Zimler, Richard - Los Anagramas de Varsovia (71668) (r1.0)
Zimler, Richard - Los Anagramas de Varsovia (71668) (r1.0)
Zimler, Richard - Los Anagramas de Varsovia (71668) (r1.0)
Esa tarde conseguí hablar con todos los amigos de Adam del
barrio. Wolfi juró que sólo sabía que hubiera pasado al otro
sector por la calle Leszno en una ocasión, pero Sarah, Felicia
y Feivel me indicaron las ubicaciones de otros cuatro
lugares por los que mi sobrino pudo haber salido en secreto.
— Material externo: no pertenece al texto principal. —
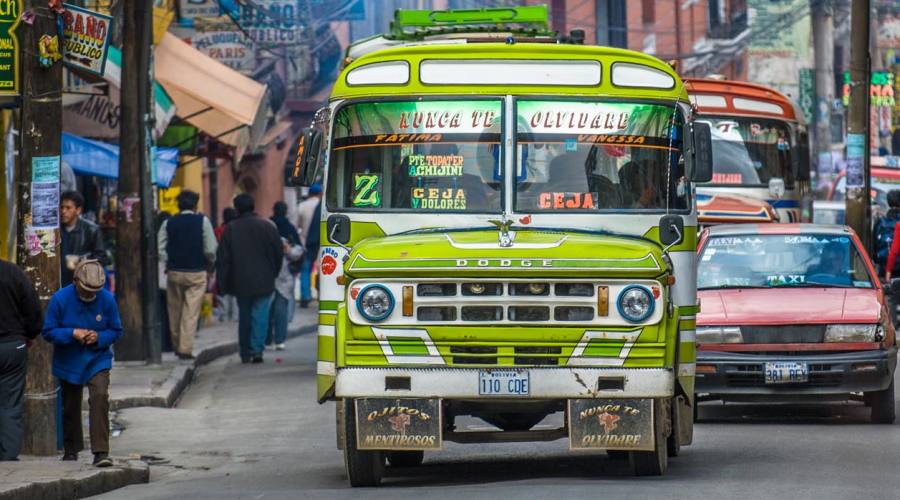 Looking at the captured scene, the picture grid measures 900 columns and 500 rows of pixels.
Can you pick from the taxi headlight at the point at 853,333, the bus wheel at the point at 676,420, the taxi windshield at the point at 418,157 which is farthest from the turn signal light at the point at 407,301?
the taxi headlight at the point at 853,333

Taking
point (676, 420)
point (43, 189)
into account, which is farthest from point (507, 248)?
point (43, 189)

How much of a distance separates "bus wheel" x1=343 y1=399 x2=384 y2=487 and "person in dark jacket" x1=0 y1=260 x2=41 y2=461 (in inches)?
107

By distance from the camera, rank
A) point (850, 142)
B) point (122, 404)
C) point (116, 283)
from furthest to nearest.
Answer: point (850, 142), point (116, 283), point (122, 404)

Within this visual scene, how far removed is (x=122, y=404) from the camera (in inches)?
685

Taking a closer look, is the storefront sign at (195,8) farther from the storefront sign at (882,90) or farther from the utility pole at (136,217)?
the storefront sign at (882,90)

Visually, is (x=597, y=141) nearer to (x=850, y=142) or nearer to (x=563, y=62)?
(x=563, y=62)

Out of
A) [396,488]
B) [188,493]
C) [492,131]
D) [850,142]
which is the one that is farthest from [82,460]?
[850,142]

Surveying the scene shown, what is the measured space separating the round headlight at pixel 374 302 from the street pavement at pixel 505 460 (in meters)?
1.01

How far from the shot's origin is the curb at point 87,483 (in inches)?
430

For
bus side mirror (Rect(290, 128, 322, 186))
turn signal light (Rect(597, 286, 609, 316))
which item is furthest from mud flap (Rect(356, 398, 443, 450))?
bus side mirror (Rect(290, 128, 322, 186))

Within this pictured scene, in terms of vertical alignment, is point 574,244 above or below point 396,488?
above

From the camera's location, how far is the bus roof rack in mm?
16875

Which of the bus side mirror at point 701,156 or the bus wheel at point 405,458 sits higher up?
the bus side mirror at point 701,156

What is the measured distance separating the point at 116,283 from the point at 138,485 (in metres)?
9.41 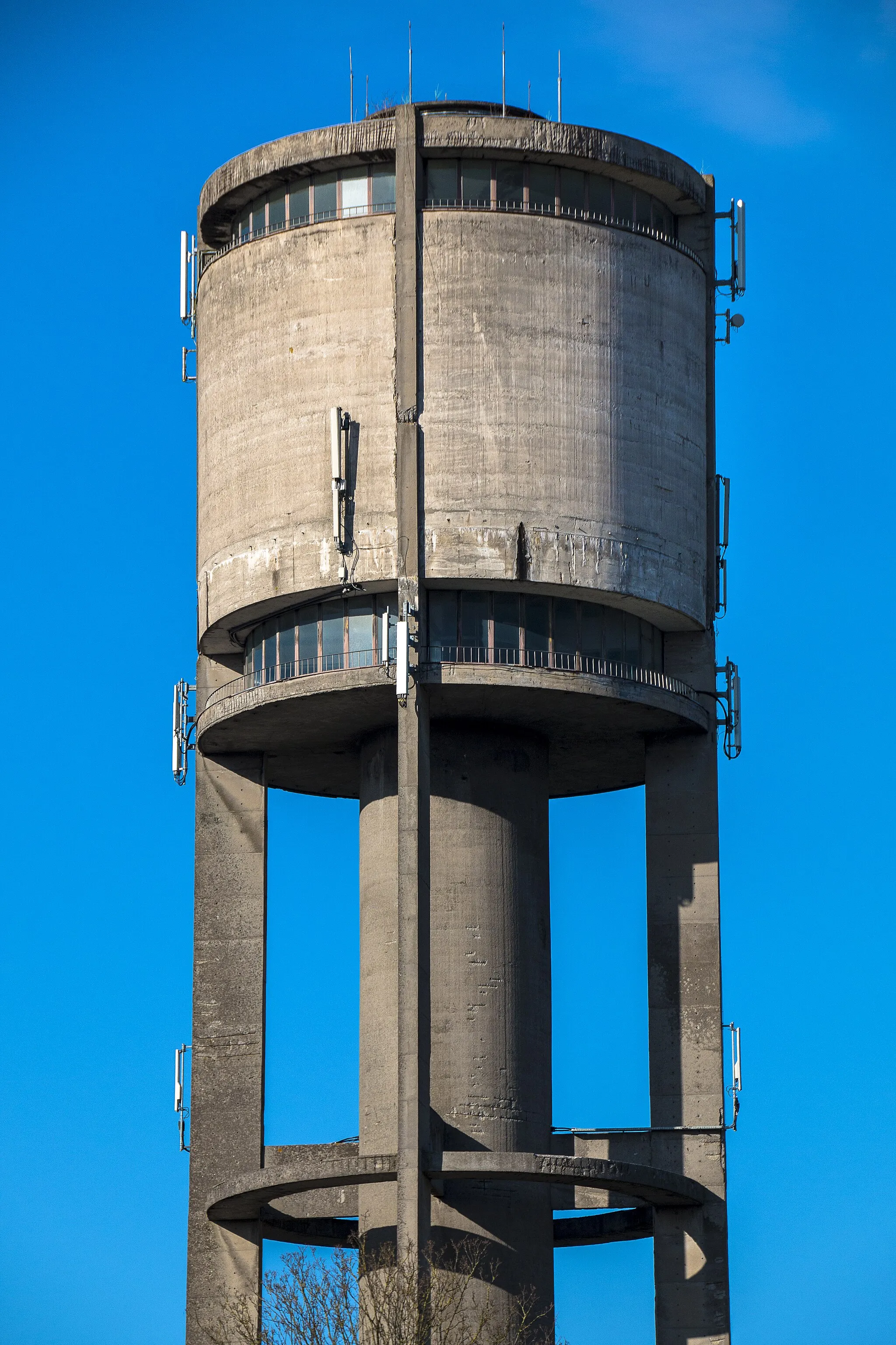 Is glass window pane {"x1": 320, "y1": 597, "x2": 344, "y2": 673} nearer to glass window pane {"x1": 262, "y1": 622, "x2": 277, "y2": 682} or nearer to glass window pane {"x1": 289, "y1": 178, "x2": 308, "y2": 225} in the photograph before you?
glass window pane {"x1": 262, "y1": 622, "x2": 277, "y2": 682}

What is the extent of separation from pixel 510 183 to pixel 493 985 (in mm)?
15498

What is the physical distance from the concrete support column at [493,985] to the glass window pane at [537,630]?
2.82 m

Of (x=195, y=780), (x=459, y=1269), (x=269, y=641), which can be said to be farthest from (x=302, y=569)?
(x=459, y=1269)

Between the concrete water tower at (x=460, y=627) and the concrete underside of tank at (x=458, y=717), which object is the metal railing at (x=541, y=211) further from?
the concrete underside of tank at (x=458, y=717)

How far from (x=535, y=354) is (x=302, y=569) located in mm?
6036

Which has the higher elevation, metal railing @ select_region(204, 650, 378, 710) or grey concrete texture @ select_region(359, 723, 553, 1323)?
metal railing @ select_region(204, 650, 378, 710)

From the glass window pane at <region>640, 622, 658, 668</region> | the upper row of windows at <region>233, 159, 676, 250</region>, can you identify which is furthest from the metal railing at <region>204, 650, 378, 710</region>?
the upper row of windows at <region>233, 159, 676, 250</region>

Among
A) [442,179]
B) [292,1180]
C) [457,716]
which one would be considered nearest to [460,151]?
[442,179]

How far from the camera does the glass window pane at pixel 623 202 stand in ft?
210

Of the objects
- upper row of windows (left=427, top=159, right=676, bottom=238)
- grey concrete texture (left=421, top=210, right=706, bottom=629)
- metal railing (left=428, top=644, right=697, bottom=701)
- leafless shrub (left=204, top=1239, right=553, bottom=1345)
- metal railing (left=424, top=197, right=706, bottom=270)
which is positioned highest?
→ upper row of windows (left=427, top=159, right=676, bottom=238)

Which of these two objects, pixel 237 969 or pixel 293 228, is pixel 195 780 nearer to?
pixel 237 969

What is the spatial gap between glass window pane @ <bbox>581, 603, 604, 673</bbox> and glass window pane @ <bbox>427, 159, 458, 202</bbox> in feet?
27.4

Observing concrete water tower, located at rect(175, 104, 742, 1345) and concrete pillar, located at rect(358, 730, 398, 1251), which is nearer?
concrete water tower, located at rect(175, 104, 742, 1345)

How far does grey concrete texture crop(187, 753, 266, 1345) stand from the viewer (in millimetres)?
64188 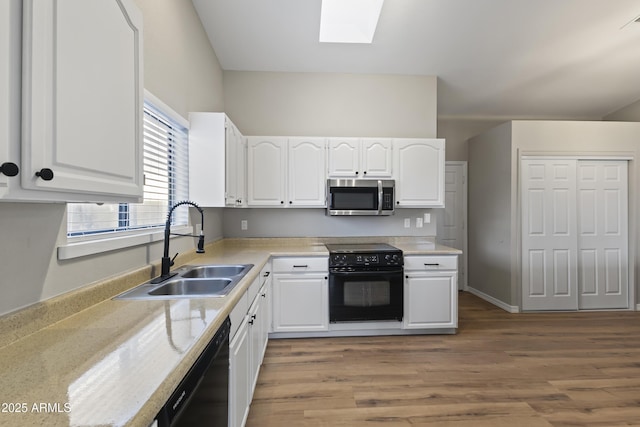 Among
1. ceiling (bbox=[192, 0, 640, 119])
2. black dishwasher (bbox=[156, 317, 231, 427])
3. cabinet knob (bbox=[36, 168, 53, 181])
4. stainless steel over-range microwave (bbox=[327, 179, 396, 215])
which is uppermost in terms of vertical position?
ceiling (bbox=[192, 0, 640, 119])

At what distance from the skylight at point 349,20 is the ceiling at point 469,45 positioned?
8 cm

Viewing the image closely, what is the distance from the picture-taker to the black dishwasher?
778mm

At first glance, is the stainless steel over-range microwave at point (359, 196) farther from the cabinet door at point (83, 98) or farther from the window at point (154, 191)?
the cabinet door at point (83, 98)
El niño de la pelambrera encrespada se estrujó las manos
como un adulto mientras hablábamos, y a través de sus
lágrimas de consternación, me confesó valerosamente que
Adam le había acompañado en dos ocasiones «al
extranjero», lo cual me hizo comprender que mi sobrino
había llevado una doble vida.
Mientras me hablaba, con su madre observándole atónita
detrás de él, Feivel me explicó que habían querido robar
comida, pero en el último momento les había faltado valor y
sólo habían conseguido que los tenderos les dieran una
limosna de pan y confitura. Le besé en la coronilla para
asegurarle que no estaba enojado. No obstante, la mente
puede ser cruel, y deseé que hubiera muerto él en lugar de
mi sobrino.
Mostré una fotografía de Adam al guardia en la calle
Krochmalna, por donde él y Feivel habían pasado al Otro
Lado, y aunque recordaba a mi sobrino, hacía varias
semanas que no le había visto. En los otros pasos
fronterizos, nadie reconoció al chico. Sólo conseguí una
pista: un adolescente de aspecto rudo que se dedicaba al
contrabando llamado Marcel me sugirió que indagara en un
almacén de la calle Ogrodowa, donde habían excavado un
túnel que conducía a las cloacas.
—El pasadizo es tan estrecho que sólo pueden pasar
niños —precisó—. Trate de hablar con el dueño, Sándor
Góra.
Recordé el día en que Adam regresó a casa hediondo y
pensé que ahora sabía por qué.
A las siete y media llegó Ewa con Helena para ver cómo
estaba Stefa antes del toque de queda. Yo acababa de
poner a hervir mi sopa de col y mondaduras de patatas, y
mientras trajinaba ante los fogones, todas las personas a las
que tenía que entrevistar sobre la muerte de Adam se
agolparon a mi alrededor. Helena se quedó conmigo
mientras Ewa hablaba con mi sobrina. Sentada a la mesa de
la cocina, la niña dibujó unos desvencijados aviones de
morro puntiagudo que volaban sobre Varsovia. Me dijo que
eran bombarderos rusos. La ciudad —un amasijo de
chapiteles y torres— estaba vacía de gente.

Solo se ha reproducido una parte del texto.